### [Task instructions]
The data beneath this task has to be reprinted character for character.

___

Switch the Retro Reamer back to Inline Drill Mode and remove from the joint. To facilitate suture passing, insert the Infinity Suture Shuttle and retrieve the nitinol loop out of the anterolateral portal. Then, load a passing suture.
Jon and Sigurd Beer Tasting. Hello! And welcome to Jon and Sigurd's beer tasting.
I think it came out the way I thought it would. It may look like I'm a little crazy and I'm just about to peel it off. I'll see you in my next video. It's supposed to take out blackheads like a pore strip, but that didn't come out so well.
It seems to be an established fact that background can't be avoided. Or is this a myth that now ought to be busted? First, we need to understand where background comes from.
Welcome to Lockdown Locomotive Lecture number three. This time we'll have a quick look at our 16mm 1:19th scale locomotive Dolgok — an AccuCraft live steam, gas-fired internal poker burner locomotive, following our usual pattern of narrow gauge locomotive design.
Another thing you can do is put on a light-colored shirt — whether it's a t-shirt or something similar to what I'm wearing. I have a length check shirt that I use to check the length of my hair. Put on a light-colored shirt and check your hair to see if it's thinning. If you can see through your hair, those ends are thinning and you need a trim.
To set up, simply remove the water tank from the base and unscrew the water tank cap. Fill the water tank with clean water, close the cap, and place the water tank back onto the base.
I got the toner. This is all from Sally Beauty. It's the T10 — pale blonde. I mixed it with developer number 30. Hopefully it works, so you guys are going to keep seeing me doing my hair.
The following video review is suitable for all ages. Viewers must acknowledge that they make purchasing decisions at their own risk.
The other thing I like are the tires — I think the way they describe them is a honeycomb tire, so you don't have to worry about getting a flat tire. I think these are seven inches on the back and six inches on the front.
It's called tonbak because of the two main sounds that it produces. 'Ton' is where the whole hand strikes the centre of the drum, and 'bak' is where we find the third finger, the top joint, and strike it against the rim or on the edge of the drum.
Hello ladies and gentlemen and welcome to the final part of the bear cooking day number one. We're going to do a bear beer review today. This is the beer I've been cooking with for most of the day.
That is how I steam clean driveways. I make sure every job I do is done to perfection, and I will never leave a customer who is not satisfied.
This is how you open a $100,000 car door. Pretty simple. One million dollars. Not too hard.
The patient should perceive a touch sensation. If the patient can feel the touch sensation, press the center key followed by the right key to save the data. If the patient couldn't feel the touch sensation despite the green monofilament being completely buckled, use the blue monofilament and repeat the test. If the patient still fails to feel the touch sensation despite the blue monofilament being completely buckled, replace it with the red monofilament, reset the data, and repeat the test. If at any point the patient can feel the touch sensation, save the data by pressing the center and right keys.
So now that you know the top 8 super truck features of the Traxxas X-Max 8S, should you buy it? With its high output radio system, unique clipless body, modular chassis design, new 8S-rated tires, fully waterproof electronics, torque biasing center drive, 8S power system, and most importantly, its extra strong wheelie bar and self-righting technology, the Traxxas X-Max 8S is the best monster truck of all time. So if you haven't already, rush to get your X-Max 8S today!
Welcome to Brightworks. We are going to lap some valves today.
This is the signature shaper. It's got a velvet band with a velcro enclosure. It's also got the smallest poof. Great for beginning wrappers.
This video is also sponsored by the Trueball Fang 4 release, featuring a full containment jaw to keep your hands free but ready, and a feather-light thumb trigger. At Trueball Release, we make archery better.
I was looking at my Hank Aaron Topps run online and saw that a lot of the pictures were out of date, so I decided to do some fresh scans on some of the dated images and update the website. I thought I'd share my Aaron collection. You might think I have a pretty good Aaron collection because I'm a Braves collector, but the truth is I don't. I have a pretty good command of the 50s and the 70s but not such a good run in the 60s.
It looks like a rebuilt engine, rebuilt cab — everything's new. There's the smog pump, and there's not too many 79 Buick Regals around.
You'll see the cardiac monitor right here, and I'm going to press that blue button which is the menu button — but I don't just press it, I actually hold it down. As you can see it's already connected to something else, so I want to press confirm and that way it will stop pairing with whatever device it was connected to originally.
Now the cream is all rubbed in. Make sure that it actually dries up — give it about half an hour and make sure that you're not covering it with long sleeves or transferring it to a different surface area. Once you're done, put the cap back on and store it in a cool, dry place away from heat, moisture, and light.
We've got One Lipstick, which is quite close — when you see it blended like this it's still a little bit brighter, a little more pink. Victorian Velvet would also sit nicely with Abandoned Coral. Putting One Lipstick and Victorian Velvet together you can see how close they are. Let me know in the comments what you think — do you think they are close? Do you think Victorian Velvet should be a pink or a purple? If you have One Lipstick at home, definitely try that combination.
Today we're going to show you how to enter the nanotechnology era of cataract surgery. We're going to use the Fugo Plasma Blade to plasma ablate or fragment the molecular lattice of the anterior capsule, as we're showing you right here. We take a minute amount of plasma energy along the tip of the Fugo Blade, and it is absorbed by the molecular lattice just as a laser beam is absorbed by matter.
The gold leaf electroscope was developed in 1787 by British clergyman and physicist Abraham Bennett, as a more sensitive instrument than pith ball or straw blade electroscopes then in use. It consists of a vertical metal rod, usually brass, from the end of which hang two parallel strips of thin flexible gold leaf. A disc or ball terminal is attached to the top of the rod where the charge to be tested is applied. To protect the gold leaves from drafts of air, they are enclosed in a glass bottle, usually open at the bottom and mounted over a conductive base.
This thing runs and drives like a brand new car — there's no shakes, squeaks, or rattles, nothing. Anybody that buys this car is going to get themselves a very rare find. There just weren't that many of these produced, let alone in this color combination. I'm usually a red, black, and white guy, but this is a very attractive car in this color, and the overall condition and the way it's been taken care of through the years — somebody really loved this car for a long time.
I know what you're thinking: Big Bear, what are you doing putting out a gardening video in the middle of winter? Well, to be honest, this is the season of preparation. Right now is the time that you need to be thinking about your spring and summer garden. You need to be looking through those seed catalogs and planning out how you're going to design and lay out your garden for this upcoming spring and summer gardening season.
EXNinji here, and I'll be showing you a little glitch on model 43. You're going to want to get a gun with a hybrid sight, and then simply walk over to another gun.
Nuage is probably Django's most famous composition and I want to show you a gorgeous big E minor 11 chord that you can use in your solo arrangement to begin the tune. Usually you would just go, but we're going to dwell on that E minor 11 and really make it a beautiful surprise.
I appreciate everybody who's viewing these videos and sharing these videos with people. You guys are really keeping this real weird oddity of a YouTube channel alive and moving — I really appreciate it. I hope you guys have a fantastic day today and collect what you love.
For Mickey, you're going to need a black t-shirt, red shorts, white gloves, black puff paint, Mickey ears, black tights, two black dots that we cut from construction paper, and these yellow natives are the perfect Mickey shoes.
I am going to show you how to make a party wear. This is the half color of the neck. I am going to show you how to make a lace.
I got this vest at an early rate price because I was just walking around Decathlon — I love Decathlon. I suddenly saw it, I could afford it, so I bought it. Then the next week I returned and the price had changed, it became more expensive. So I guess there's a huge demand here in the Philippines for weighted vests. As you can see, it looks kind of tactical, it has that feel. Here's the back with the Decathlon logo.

___

### [Output for this task]
Switch the Retro Reamer back to Inline Drill Mode and remove from the joint. To facilitate suture passing, insert the Infinity Suture Shuttle and retrieve the nitinol loop out of the anterolateral portal. Then, load a passing suture.
Jon and Sigurd Beer Tasting. Hello! And welcome to Jon and Sigurd's beer tasting.
I think it came out the way I thought it would. It may look like I'm a little crazy and I'm just about to peel it off. I'll see you in my next video. It's supposed to take out blackheads like a pore strip, but that didn't come out so well.
It seems to be an established fact that background can't be avoided. Or is this a myth that now ought to be busted? First, we need to understand where background comes from.
Welcome to Lockdown Locomotive Lecture number three. This time we'll have a quick look at our 16mm 1:19th scale locomotive Dolgok — an AccuCraft live steam, gas-fired internal poker burner locomotive, following our usual pattern of narrow gauge locomotive design.
Another thing you can do is put on a light-colored shirt — whether it's a t-shirt or something similar to what I'm wearing. I have a length check shirt that I use to check the length of my hair. Put on a light-colored shirt and check your hair to see if it's thinning. If you can see through your hair, those ends are thinning and you need a trim.
To set up, simply remove the water tank from the base and unscrew the water tank cap. Fill the water tank with clean water, close the cap, and place the water tank back onto the base.
I got the toner. This is all from Sally Beauty. It's the T10 — pale blonde. I mixed it with developer number 30. Hopefully it works, so you guys are going to keep seeing me doing my hair.
The following video review is suitable for all ages. Viewers must acknowledge that they make purchasing decisions at their own risk.
The other thing I like are the tires — I think the way they describe them is a honeycomb tire, so you don't have to worry about getting a flat tire. I think these are seven inches on the back and six inches on the front.
It's called tonbak because of the two main sounds that it produces. 'Ton' is where the whole hand strikes the centre of the drum, and 'bak' is where we find the third finger, the top joint, and strike it against the rim or on the edge of the drum.
Hello ladies and gentlemen and welcome to the final part of the bear cooking day number one. We're going to do a bear beer review today. This is the beer I've been cooking with for most of the day.
That is how I steam clean driveways. I make sure every job I do is done to perfection, and I will never leave a customer who is not satisfied.
This is how you open a $100,000 car door. Pretty simple. One million dollars. Not too hard.
The patient should perceive a touch sensation. If the patient can feel the touch sensation, press the center key followed by the right key to save the data. If the patient couldn't feel the touch sensation despite the green monofilament being completely buckled, use the blue monofilament and repeat the test. If the patient still fails to feel the touch sensation despite the blue monofilament being completely buckled, replace it with the red monofilament, reset the data, and repeat the test. If at any point the patient can feel the touch sensation, save the data by pressing the center and right keys.
So now that you know the top 8 super truck features of the Traxxas X-Max 8S, should you buy it? With its high output radio system, unique clipless body, modular chassis design, new 8S-rated tires, fully waterproof electronics, torque biasing center drive, 8S power system, and most importantly, its extra strong wheelie bar and self-righting technology, the Traxxas X-Max 8S is the best monster truck of all time. So if you haven't already, rush to get your X-Max 8S today!
Welcome to Brightworks. We are going to lap some valves today.
This is the signature shaper. It's got a velvet band with a velcro enclosure. It's also got the smallest poof. Great for beginning wrappers.
This video is also sponsored by the Trueball Fang 4 release, featuring a full containment jaw to keep your hands free but ready, and a feather-light thumb trigger. At Trueball Release, we make archery better.
I was looking at my Hank Aaron Topps run online and saw that a lot of the pictures were out of date, so I decided to do some fresh scans on some of the dated images and update the website. I thought I'd share my Aaron collection. You might think I have a pretty good Aaron collection because I'm a Braves collector, but the truth is I don't. I have a pretty good command of the 50s and the 70s but not such a good run in the 60s.
It looks like a rebuilt engine, rebuilt cab — everything's new. There's the smog pump, and there's not too many 79 Buick Regals around.
You'll see the cardiac monitor right here, and I'm going to press that blue button which is the menu button — but I don't just press it, I actually hold it down. As you can see it's already connected to something else, so I want to press confirm and that way it will stop pairing with whatever device it was connected to originally.
Now the cream is all rubbed in. Make sure that it actually dries up — give it about half an hour and make sure that you're not covering it with long sleeves or transferring it to a different surface area. Once you're done, put the cap back on and store it in a cool, dry place away from heat, moisture, and light.
We've got One Lipstick, which is quite close — when you see it blended like this it's still a little bit brighter, a little more pink. Victorian Velvet would also sit nicely with Abandoned Coral. Putting One Lipstick and Victorian Velvet together you can see how close they are. Let me know in the comments what you think — do you think they are close? Do you think Victorian Velvet should be a pink or a purple? If you have One Lipstick at home, definitely try that combination.
Today we're going to show you how to enter the nanotechnology era of cataract surgery. We're going to use the Fugo Plasma Blade to plasma ablate or fragment the molecular lattice of the anterior capsule, as we're showing you right here. We take a minute amount of plasma energy along the tip of the Fugo Blade, and it is absorbed by the molecular lattice just as a laser beam is absorbed by matter.
The gold leaf electroscope was developed in 1787 by British clergyman and physicist Abraham Bennett, as a more sensitive instrument than pith ball or straw blade electroscopes then in use. It consists of a vertical metal rod, usually brass, from the end of which hang two parallel strips of thin flexible gold leaf. A disc or ball terminal is attached to the top of the rod where the charge to be tested is applied. To protect the gold leaves from drafts of air, they are enclosed in a glass bottle, usually open at the bottom and mounted over a conductive base.
This thing runs and drives like a brand new car — there's no shakes, squeaks, or rattles, nothing. Anybody that buys this car is going to get themselves a very rare find. There just weren't that many of these produced, let alone in this color combination. I'm usually a red, black, and white guy, but this is a very attractive car in this color, and the overall condition and the way it's been taken care of through the years — somebody really loved this car for a long time.
I know what you're thinking: Big Bear, what are you doing putting out a gardening video in the middle of winter? Well, to be honest, this is the season of preparation. Right now is the time that you need to be thinking about your spring and summer garden. You need to be looking through those seed catalogs and planning out how you're going to design and lay out your garden for this upcoming spring and summer gardening season.
EXNinji here, and I'll be showing you a little glitch on model 43. You're going to want to get a gun with a hybrid sight, and then simply walk over to another gun.
Nuage is probably Django's most famous composition and I want to show you a gorgeous big E minor 11 chord that you can use in your solo arrangement to begin the tune. Usually you would just go, but we're going to dwell on that E minor 11 and really make it a beautiful surprise.
I appreciate everybody who's viewing these videos and sharing these videos with people. You guys are really keeping this real weird oddity of a YouTube channel alive and moving — I really appreciate it. I hope you guys have a fantastic day today and collect what you love.
For Mickey, you're going to need a black t-shirt, red shorts, white gloves, black puff paint, Mickey ears, black tights, two black dots that we cut from construction paper, and these yellow natives are the perfect Mickey shoes.
I am going to show you how to make a party wear. This is the half color of the neck. I am going to show you how to make a lace.
I got this vest at an early rate price because I was just walking around Decathlon — I love Decathlon. I suddenly saw it, I could afford it, so I bought it. Then the next week I returned and the price had changed, it became more expensive. So I guess there's a huge demand here in the Philippines for weighted vests. As you can see, it looks kind of tactical, it has that feel. Here's the back with the Decathlon logo.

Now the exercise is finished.